**What the task requires**
From the data below, retype exactly the lines starting with the one that contains "a kitchen and" and ending with the one that contains "President Rodrigo Duterte, accompanied", both included.

**Data shown**
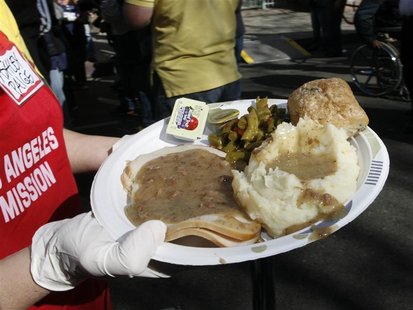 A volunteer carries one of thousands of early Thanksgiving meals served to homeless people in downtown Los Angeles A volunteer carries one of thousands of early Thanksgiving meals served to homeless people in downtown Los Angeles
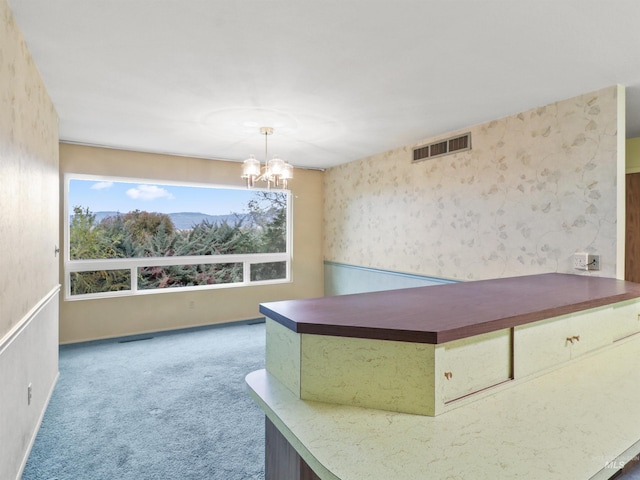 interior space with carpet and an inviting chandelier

* * *

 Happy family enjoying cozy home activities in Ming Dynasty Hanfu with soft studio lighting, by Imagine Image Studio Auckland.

...

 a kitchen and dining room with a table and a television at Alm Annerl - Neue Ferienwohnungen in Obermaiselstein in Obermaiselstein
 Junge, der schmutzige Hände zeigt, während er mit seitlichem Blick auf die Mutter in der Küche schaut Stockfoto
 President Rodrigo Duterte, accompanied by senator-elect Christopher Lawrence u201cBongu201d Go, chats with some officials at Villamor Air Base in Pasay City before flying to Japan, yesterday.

**Expected answer**
 a kitchen and dining room with a table and a television at Alm Annerl - Neue Ferienwohnungen in Obermaiselstein in Obermaiselstein
 Junge, der schmutzige Hände zeigt, während er mit seitlichem Blick auf die Mutter in der Küche schaut Stockfoto
 President Rodrigo Duterte, accompanied by senator-elect Christopher Lawrence u201cBongu201d Go, chats with some officials at Villamor Air Base in Pasay City before flying to Japan, yesterday.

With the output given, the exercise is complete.